Di bawah pelatih Javier Clemente, Spanyol lebih menjadi banteng, yang mengejar bola dan membawanya dengan membabi buta. Baru ketika menjadi torero dengan tika-taka-nya, Spanyol bermegah, baik di taraf dunia maupun dalam taraf klub sepak bolanya.
Enrique adalah seorang torero. Namun, dalam dirinya ia tetaplah banteng, anak asuhan Clemente. Karena kebantengannya itu, ia berani menjadi torero yang terluka. Itulah kenangan ketika Spanyol kalah melawan Italia pada fase gugur piala Dunia 1994 di stadion Foxborough, Massachusetts, Amerika Serikat. Satu-satunya gol Italia dibuat oleh Roberto Baggio pada menit ke-88.
Pada pertandingan yang panas itu Mauro Tassotti menyikut Enrique di area penalti. Hidung Enrique, pemain Real Madrid itu, bocor dan bercucuran darah. Tetapi wasit Sándor Puhl tak mau memberi penalti bagi Spanyol.
”Wasit berdiri dekat dan melihat kekerasan itu. Ia bahkan tidak peduli dengan darah yang mengalir itu. Maklum, 50 ribu imigran Italia memenuhi stadion. Italia seperti bermain di kandang. Wasit memang sering takut untuk memutuskan sesuatu yang merugikan tim kandang,” kata Clemente, pelatih Spanyol, gusar. Ketika dianalisis lewat video, ketahuan Tassotti memang bermain sangat kasar. Ia diskors 8 pertandingan. Namun hukuman itu sudah terlambat bagi Spanyol.
Apa yang kamu buat dengan bola jauh lebih penting daripada bola yang kamu miliki.
Darah Enrique itu makin menggoreskan luka bagi Spanyol setiap kali harus berhadapan dengan Italia. Di dunia bola, dengan irasionalitas yang sulit dimengerti, Spanyol dan Italia telah menjadi musuh bebuyutan. Di mata Spanyol, Italia dianggap kesebelasan yang paling tidak sportif. Italia adalah ”apa yang bukan Spanyol”. Jelasnya, bagi Spanyol, Italia adalah kesebelasan yang hanya pandai bermain defensif, kotor, sinis, membosankan, dan tidak sukses. Persaingan memang suka tergoda untuk melebih-lebihkan.

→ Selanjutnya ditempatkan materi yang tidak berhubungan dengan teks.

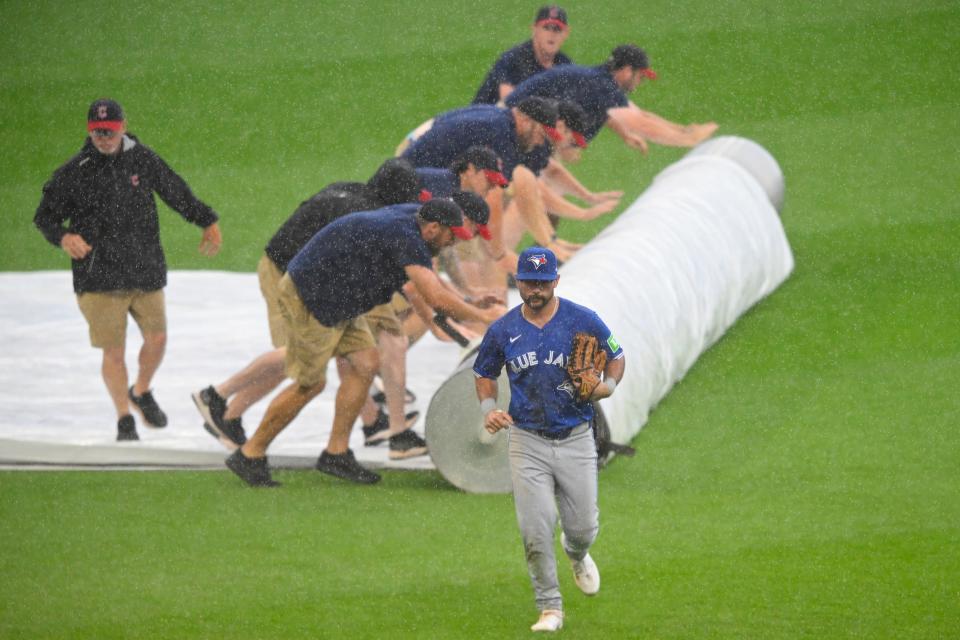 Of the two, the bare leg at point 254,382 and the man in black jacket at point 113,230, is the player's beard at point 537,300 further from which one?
the man in black jacket at point 113,230

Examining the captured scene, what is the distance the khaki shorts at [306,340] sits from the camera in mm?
8594

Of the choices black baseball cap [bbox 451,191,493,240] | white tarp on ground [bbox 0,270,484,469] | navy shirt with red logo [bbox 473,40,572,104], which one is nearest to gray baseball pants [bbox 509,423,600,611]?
black baseball cap [bbox 451,191,493,240]

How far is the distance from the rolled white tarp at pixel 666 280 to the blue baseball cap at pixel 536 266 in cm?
215

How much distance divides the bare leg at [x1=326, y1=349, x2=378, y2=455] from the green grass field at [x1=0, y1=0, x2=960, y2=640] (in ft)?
0.94

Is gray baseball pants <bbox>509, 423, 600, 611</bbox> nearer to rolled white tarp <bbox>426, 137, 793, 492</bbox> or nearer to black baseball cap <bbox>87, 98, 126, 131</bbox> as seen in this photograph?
rolled white tarp <bbox>426, 137, 793, 492</bbox>

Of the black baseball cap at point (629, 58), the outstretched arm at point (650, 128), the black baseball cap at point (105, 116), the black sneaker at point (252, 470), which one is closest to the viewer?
the black sneaker at point (252, 470)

Dengan nyali banteng dan jiwa torero, Spanyol akan menghadapi Italia di semifinal Piala Eropa 2020. Tidak mudah bagi Spanyol. Seperti dikomentari oleh AS, koran Spanyol sendiri: Bermain melawan Italia rasanya jauh lebih tidak nyaman daripada ke dokter gigi. Dan kiranya malapetaka akan terjadi, bila Spanyol menganggap Italia masih kuno dengan catenaccio-nya. Ketika menekuk Belgia di Muenchen, Italia dibawah Roberto Mancini jelas sudah meninggalkan catenaccio menuju renaisans permainan bola yang ofensif. Dengan renaisans itu, justru Italia yang kini membuat lawannya terpojok, terperangkap dalam permainan defensif.
Pemain Italia terlihat seperti jatuh cinta terhadap bola. Mereka bermain dengan taktis dan agresif. Namun, sentuhan rasa juga memancar dari permainan mereka. Sentuhan itu bahkan tampak dalam ekspresi kedekatan dan kegembiraan mereka. Italia nyaris kebobolan di menit ke-61, ketika Romelu Lukaku menendang bola ke gawang Italia yang kosong, setelah ia menerima umpan dari Kevin de Bruyne. Untung ada Leonardo Spinazzola yang menghalau tendangan maut itu.
Un bacio, sebuah ciuman, itulah yang diberikan oleh kapten Giorgio Chiellini dan kiper Gianluigi Donnarumma kepada Spinazzola karena aksi penyelamatannya yang fantastis itu. Aksi Chiellina dan Donnarumma adalah ekspresi spontan dari suasana batin kesebelasan Italia. Mereka bukan lagi tim yang keras dan martialis. Mereka adalah keluarga, yang bermain bola dengan digerakkan jiwa dan rasa kebersamaan.
Italia menghadapi Spanyol dengan optimisme renaisans bola mereka. Tetapi, bahaya bila optimisme renaisans itu membuat mereka lupa sama sekali akan catenaccio, tradisi yang khas mereka. Sebab biar bagaimana pun, seperti pernah dikatakan Arrigo Sacchi, catenaccio adalah warisan mental Italia sejak Abad Pertengahan, di mana mereka berhasil menghalau serangan musuh-musuhnya karena benteng dan sistem perbentengan mereka yang kuat.